[Short text fragments from websites]
────────

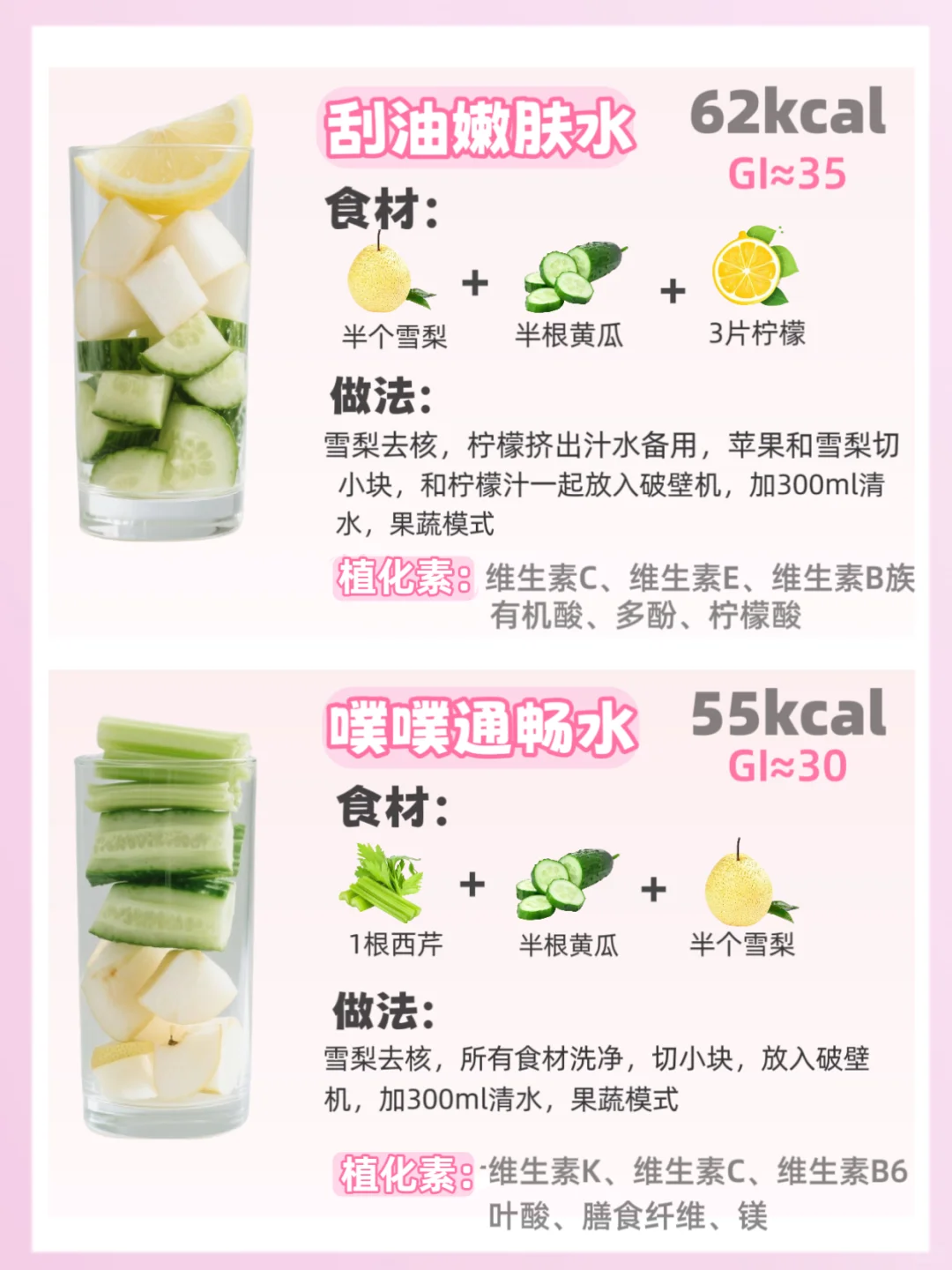 6款刮油掉秤果蔬汁❗️低卡刷脂?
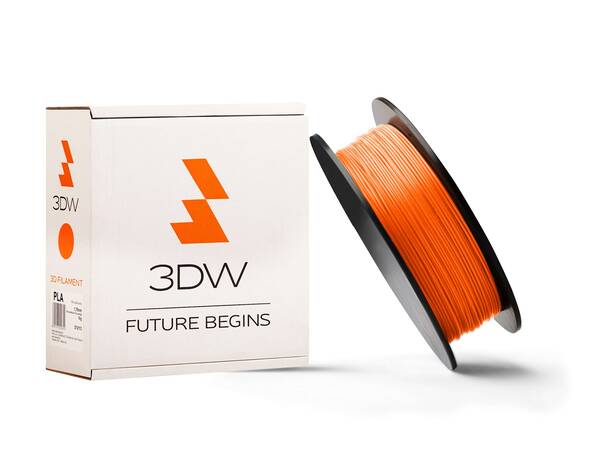 3DW - PLA filament 1,75mm fluooranž.,1kg, tisk 190-210&#176;C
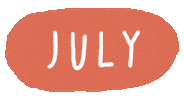 Autumn July Sticker by Sara Maese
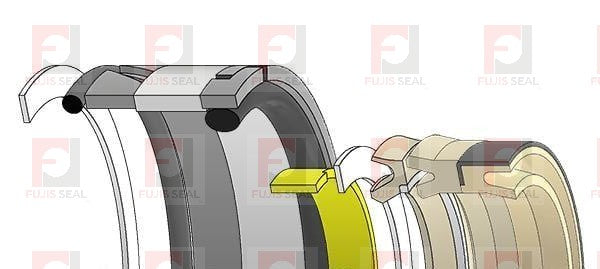 Caterpillar Excavator, CTC-0875407, Hydraulic Seal Kit, Rod 130.000 x Bore 180.000, Models 325B, 325BL, 330B, 330BL, 350, 350L, 5080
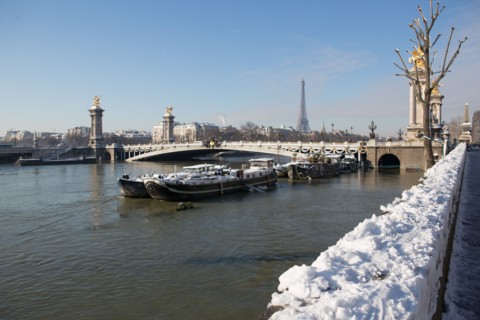 Paris under the snow, February 2018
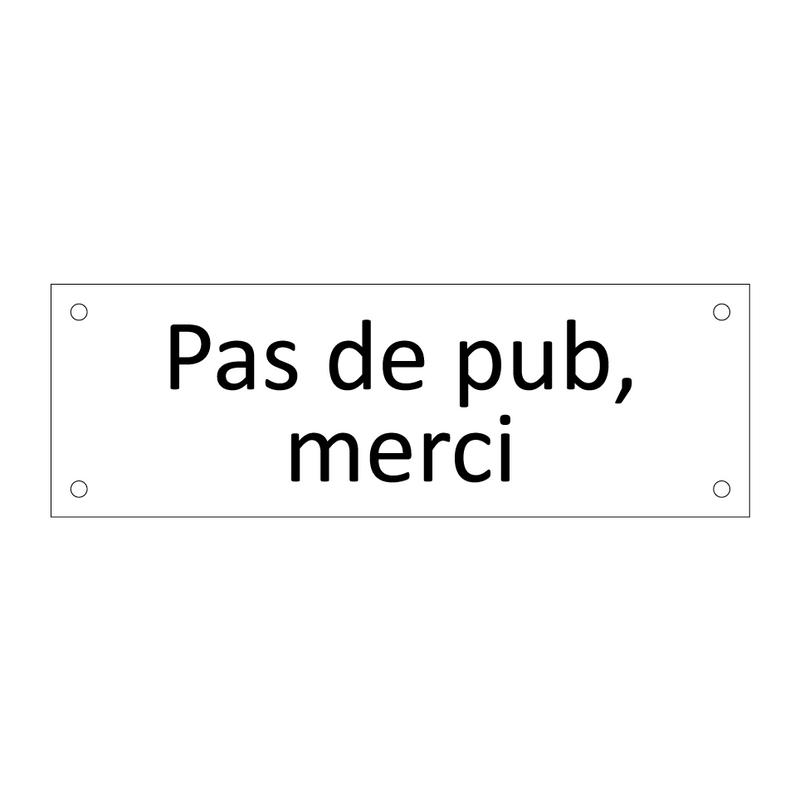 Pas de pub, merci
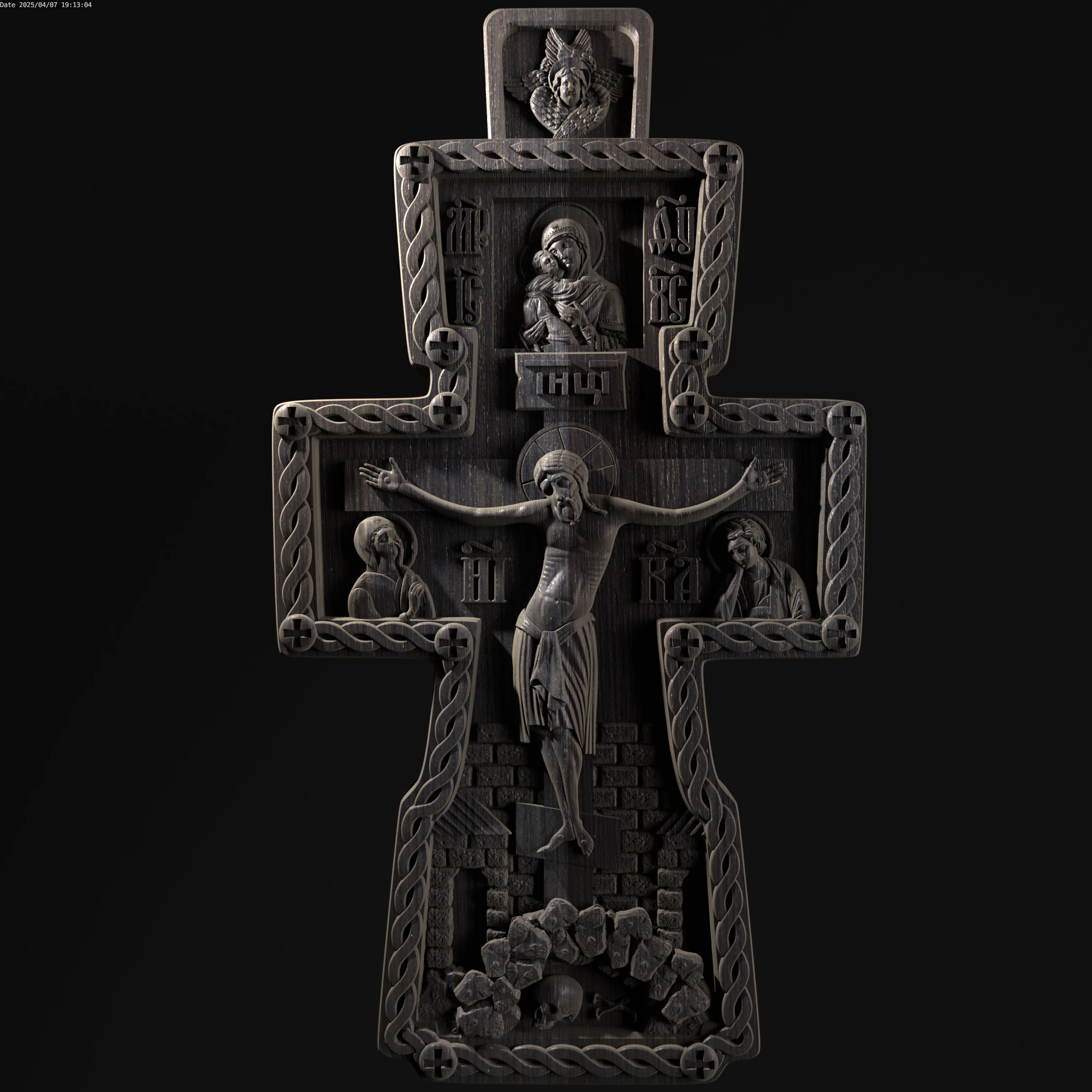 Relief 3D Model .c4d .max .obj .3ds .fbx .stl .blend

────────

## Work to be completed
Transcribe exactly the span of lines that opens with the line holding "Pas de pub, merci" and closes with the last line of the entries above. Omit pictures.

## Task response
 Pas de pub, merci
 Relief 3D Model .c4d .max .obj .3ds .fbx .stl .blend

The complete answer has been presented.